Discussion of the Legal Principle to be Applied
 In Hecht v. Hecht Estate (1991), 62 B.C.L.R. (2d) 145 (C.A.) at paras. 42- 46 the Court of Appeal set out a number of the factors the court was to consider when deciding whether to exercise its discretion to grant leave to the executors to make an interim distribution when Wills Variation Act proceedings have been commenced. The Wills Variation Act, R.S.B.C. 1996, c. 490, was repealed and replaced by the Act under which proceedings have been commenced by Leslie. Those factors included:
a. the amount of the benefits sought to be distributed as compared to the value of the estate;
b. the claim of the beneficiaries on the testator;
c. the need of beneficiaries for money; and
d. the consent of the residuary beneficiary to the proposed transfer.
See also Henney v. Sander, 2014 BCSC 889 at para. 38.
Application of the Legal Principles and Decision
 The current residual value of the estate, after sale of the house, is $2,569,804.61. Brent seeks a distribution of $250,000. Patricia’s estate would conservatively be valued at $2,300,000 after expenses assuming the litigation proceeded. Brent’s share in the residue of the estate would amount to $460,000, assuming Leslie is not successful.
 If Leslie is successful I do not think she would be awarded an interest in excess of 50% of the residual value of the estate, given the expressed intentions of Patricia in the 2006 letter and in her two wills. I emphasize however that I make no findings whatsoever concerning the entitlement Leslie may or may not have to share in Patricia’s estate. This entitlement is a matter solely reserved to the trial judge. I must apply the factors set out earlier in Hecht.
 Clearly both Brent and George have claims on Patricia’s estate as both are named in her 2010 Will. George is granted an 80% share of the residue of the estate in both her 2005 and 2010 Will.
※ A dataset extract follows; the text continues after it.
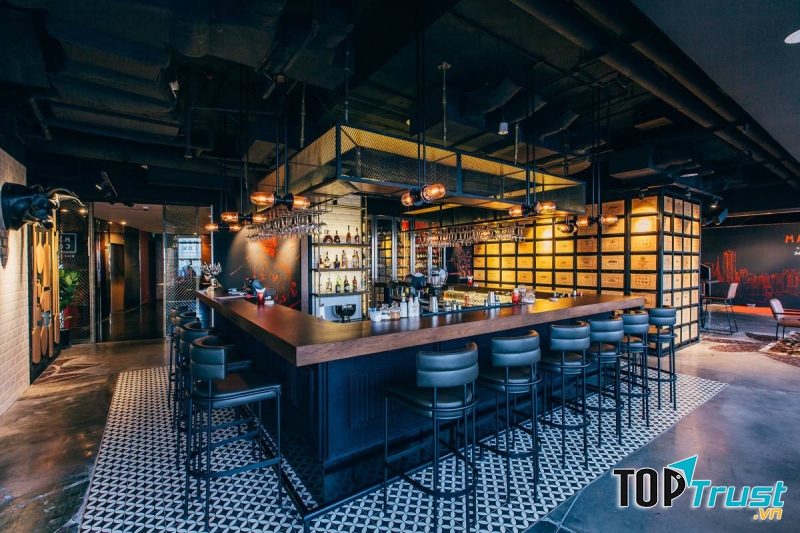 Quán bar được thiết kế độc đáo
Patricia’s reasons for granting him this portion of her estate are set out in her 2006 letter as noted above.
 Brent has need for money as his income does not cover his expenses and the wishes of Patricia that he enjoy the ability to travel and enjoy his remaining years are unfulfilled because the affairs of the estate have not been able to be wound up as Leslie’s lawsuit remains outstanding.
 The remaining beneficiaries, George and Leslie, do not consent to an interim distribution being made to Brent unless a similar interim distribution is made to them. While George may be entitled to and ought to be granted an interim distribution, he has not brought a separate application for such interim distribution by which the court can judge whether or not he meets the factors set out in Hecht. Accordingly, I am not prepared to order an interim distribution be made to George without such application being before me.
 Leslie is not a residuary beneficiary. She issued her notice of civil claim on August 21, 2015. Responses to the civil claim were filed by the executor and by George on September 17, 2015 and by Brent on October 28, 2015. This application was filed September 13, 2016. No steps have been taken in the claim filed by Leslie. The outstanding litigation has resulted in no distributions being made from the estate and a frustration in fulfilling the terms of Patricia’s wishes as expressed in her 2010 Will. In my view, it would be equitable not to grant Brent’s application.
 I find there is no prejudice to either George, who can bring his separate application for an interim distribution, or Leslie, who can pursue her claim against the residue of the estate on an expeditious basis.
 For the above reasons I grant Brent’s application.